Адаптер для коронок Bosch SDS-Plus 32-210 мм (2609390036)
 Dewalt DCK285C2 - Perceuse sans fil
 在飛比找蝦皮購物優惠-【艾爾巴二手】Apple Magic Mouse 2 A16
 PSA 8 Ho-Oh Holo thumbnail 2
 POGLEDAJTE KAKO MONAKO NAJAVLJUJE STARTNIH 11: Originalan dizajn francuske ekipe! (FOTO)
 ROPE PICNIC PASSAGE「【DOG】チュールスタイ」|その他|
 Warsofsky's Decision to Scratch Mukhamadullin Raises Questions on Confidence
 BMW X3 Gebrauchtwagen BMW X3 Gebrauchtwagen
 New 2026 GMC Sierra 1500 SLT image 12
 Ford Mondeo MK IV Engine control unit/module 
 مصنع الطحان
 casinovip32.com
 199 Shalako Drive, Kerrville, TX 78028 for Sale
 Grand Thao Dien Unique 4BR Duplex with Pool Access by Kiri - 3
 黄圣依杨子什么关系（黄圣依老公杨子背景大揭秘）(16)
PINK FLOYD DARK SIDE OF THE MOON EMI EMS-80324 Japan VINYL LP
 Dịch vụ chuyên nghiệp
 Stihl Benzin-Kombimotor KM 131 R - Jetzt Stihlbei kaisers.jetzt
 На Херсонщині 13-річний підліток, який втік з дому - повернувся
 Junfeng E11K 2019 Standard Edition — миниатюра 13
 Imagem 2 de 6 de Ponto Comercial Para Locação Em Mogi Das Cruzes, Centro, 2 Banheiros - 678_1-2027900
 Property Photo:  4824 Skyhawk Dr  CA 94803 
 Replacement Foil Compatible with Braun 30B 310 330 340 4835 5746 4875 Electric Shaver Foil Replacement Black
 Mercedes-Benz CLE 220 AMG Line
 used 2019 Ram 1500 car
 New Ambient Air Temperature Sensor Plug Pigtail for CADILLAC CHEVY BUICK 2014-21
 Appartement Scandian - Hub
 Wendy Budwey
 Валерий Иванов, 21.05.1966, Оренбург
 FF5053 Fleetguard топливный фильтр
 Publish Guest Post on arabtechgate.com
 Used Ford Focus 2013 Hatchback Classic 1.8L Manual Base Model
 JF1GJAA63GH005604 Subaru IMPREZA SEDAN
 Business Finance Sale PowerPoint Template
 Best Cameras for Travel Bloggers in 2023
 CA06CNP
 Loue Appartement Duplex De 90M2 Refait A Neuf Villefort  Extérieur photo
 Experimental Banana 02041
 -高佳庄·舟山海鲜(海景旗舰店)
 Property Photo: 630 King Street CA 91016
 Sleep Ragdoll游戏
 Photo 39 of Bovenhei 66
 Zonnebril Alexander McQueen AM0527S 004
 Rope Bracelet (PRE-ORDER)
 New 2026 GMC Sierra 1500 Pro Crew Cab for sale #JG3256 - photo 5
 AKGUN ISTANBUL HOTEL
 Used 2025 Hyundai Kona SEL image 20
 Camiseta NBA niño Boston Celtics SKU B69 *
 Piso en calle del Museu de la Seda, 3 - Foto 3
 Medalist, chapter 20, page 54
# # #
> _Task requirements_: Your answer should be one number: how many lines of the records hold "with".

> _Response to this task_: 2